The audit team visited the high-volume airports in Vancouver, Toronto and Montreal as well as three unidentified smaller ones in their study of the agency's air cargo examination program.
Regional border services officers scrutinize incoming goods, decide whether to allow them entry and take action if they discover violations.
The audit report, dated last July, was only recently made public.
Portions of the document — including details of some risks posed by deficiencies — were considered too sensitive to release.
However, the report does highlight one risk — that weaknesses mean "contraband and other unacceptable items could be brought into Canada" — possibly with the help of corrupt people working in airports.
Some program officials were not sure who to contact at headquarters when they had questions or concerns, the report says.
During regional site visits, the auditors found notes were being taken on air cargo examinations. But there was no national electronic system to record the results.
The report also expressed concerns about possible inconsistencies from region to region in training border officers.
In addition, the availability and usefulness of tools to help with examinations varied across the country.
The audit recommends the border agency strengthen oversight of commercial air cargo, ensure standardized delivery of training and "address gaps in detection technology."
The audit reveals that another, earlier internal review identified "gaps" related to training, technology and six other areas.
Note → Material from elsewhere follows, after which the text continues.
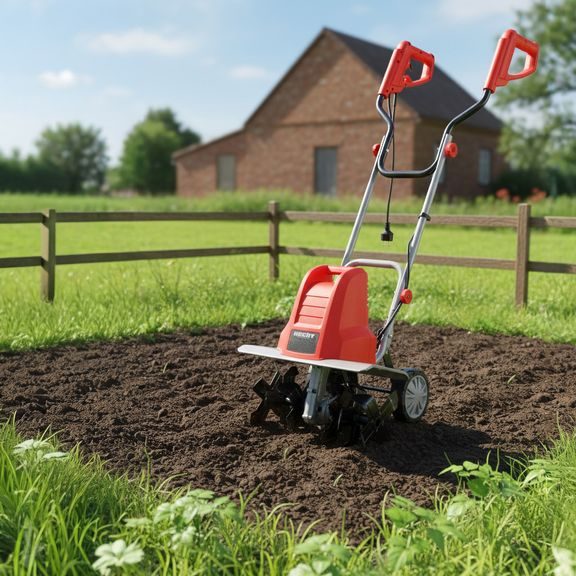 Electric tiller - HECHT 745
As a result, a plan to address the problems was developed.
The border services agency did not make anyone available Tuesday for an interview.
However, the report spells out the border agency's plans for improvement, including:
— Stronger communication between headquarters and the regions;
— Improved quality of examination results recorded by field officers;
— Revised national training for officers;
— Purchase of new detection technology for the highest-risk air cargo locations by March of this year.
"It should be noted that the absence of detection technology does not prevent effective examinations as borders services officers are appropriately trained to conduct examinations without such technology," the management response says.
But the agency allows that "its presence improves the efficiency of examinations."